Generative Engine Optimization — how ready your pages are to be understood and cited by AI search (ChatGPT, Perplexity, Google AI Overviews). It rewards:

  • Structured data the engines can parse (Article, FAQ, Product, etc.).
  • Semantic HTML that chunks cleanly into answers.
  • Answer-readiness — question-style headings and extractable blocks.
  • Authorship / E-E-A-T signals (bylines, dates, trust markers).
  • Substance — enough real content to be worth citing.

A page that’s great for classic SEO can still score low on GEO, which is exactly why crawlie reports them separately.

Severity levels

Findings are graded error → warning → notice. Use --severity to filter output and --fail-on to gate CI on a threshold. See the CLI reference.

Per-page scores

Beyond the site-wide rollup, crawlie computes per-page Health and GEO scores so you can see exactly which URLs drag the average down — surfaced in the desktop app’s pages table and available in the JSON output.

How the scores are weighted

Each score starts at 100 and is reduced by the findings on the page, weighted by severity. An error costs more than a warning, which costs more than a notice. The site-wide score is the weighted aggregate across all crawled pages, so a single broken page won’t tank an otherwise healthy site — but a systemic issue (a missing title template on every page, say) will show up clearly in both the rollup and the per-page breakdown.

What’s a good score?

As a rule of thumb:

  • 90–100 — healthy. Ship it; clean up the notices when convenient.
  • 70–89 — solid, with real wins available. Work the prioritized Top Fixes.
  • below 70 — something systemic is wrong (missing metadata site-wide, many broken links, or thin/duplicate content).

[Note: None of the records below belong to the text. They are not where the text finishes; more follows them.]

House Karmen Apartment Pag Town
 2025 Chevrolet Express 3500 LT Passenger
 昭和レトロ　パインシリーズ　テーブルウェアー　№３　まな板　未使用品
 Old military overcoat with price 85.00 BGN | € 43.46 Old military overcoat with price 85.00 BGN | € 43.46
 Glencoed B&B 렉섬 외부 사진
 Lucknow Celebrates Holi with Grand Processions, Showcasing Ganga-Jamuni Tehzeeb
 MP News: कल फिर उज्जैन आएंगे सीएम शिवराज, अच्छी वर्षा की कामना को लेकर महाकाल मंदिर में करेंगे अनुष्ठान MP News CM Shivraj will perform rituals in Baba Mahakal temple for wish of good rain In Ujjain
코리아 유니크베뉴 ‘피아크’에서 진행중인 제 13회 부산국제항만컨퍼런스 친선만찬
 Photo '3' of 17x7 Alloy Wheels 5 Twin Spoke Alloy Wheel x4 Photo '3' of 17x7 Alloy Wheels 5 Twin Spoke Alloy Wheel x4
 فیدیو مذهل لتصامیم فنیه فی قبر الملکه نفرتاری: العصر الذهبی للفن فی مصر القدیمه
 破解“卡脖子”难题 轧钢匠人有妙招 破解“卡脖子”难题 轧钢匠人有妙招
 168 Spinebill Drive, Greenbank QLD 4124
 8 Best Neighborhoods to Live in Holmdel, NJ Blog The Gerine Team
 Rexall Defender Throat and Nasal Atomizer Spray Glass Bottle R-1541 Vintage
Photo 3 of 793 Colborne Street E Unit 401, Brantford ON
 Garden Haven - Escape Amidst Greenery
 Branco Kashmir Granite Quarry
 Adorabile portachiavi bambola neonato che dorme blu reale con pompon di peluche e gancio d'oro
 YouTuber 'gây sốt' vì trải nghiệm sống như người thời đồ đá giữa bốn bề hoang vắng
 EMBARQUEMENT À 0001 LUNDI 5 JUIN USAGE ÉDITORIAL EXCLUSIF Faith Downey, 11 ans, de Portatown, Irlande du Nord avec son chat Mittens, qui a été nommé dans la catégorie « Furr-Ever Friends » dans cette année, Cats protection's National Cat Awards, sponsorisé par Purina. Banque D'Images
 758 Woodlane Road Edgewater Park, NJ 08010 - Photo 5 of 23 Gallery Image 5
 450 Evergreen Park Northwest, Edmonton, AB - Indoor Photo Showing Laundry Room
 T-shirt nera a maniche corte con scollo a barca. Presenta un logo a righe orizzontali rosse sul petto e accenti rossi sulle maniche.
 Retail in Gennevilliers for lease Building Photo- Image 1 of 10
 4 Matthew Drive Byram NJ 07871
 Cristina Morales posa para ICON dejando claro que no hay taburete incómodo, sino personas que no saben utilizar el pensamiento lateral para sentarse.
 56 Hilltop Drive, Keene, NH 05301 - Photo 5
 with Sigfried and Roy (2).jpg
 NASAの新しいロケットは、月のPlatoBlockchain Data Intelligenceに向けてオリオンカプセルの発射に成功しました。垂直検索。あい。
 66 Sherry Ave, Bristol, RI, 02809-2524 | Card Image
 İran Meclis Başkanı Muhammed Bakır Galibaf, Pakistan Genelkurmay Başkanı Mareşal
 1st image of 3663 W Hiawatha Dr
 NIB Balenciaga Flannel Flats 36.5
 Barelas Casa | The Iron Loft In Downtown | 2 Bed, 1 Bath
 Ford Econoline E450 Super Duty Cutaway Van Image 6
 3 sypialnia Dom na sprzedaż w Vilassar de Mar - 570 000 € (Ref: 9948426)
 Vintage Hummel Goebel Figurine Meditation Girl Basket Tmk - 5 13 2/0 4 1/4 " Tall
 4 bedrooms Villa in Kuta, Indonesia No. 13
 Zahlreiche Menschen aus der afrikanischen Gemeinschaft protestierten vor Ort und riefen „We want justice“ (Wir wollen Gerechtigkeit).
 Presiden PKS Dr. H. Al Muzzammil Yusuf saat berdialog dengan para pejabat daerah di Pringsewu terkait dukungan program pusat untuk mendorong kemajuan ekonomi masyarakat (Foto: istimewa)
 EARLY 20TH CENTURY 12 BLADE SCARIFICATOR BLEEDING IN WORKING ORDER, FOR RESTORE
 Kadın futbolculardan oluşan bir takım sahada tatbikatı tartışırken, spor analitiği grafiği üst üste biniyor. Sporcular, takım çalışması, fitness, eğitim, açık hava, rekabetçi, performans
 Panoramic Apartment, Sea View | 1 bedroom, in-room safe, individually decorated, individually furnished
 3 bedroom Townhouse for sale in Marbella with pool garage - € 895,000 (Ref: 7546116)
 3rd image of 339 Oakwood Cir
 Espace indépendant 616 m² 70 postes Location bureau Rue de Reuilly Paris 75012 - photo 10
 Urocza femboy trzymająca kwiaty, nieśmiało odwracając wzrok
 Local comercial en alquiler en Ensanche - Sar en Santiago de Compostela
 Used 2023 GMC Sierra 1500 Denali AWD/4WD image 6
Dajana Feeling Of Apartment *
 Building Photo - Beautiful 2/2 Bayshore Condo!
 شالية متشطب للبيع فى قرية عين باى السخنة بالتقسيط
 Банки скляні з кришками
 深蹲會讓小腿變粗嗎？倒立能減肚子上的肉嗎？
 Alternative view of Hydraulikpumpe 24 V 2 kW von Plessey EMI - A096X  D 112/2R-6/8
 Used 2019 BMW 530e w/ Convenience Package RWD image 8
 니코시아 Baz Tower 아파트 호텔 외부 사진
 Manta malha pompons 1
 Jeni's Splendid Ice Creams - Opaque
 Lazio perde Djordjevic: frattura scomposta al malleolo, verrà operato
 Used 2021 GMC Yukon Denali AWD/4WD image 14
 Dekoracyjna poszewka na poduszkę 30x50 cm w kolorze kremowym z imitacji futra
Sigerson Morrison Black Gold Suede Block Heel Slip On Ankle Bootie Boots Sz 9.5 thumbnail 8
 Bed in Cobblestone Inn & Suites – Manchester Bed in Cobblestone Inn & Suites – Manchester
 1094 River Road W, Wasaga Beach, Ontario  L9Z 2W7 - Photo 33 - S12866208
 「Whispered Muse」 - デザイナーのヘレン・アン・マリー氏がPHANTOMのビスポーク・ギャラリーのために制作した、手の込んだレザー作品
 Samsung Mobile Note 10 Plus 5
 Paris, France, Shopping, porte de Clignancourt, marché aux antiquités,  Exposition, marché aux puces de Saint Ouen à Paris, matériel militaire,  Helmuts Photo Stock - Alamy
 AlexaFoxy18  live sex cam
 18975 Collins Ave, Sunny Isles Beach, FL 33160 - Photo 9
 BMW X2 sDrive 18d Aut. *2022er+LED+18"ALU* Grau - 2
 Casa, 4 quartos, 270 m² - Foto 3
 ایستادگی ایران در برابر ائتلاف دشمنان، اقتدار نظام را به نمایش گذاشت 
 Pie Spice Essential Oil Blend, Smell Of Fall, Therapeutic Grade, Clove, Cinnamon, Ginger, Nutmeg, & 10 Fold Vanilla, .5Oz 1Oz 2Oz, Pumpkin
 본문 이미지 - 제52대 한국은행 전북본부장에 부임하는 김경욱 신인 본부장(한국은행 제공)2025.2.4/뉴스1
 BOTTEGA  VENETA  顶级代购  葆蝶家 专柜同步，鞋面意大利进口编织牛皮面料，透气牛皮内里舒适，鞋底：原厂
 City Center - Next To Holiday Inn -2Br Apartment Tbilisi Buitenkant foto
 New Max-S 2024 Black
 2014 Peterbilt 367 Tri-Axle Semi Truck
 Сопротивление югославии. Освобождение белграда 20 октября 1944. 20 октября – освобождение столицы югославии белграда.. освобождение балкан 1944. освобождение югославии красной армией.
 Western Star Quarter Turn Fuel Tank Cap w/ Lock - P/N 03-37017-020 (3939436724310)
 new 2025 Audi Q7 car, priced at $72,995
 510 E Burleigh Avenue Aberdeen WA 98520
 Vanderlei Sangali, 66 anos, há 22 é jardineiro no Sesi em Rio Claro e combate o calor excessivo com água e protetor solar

Fix the highest-impact rules first.

GEO scores tend to run lower than Health scores on most sites today, because structured data, llms.txt, and answer-ready content are still uncommon — which is exactly the gap crawlie is built to surface.

Why are Health and GEO separate?

Because a page can be flawless for classic search and still be invisible to AI answer engines. A fast, well-linked page with perfect metadata can lack structured data, an author byline, or answer-ready sections — so it scores high on Health and low on GEO. Splitting the two tells you which kind of work moves the needle, instead of averaging two unrelated problems into one misleading number.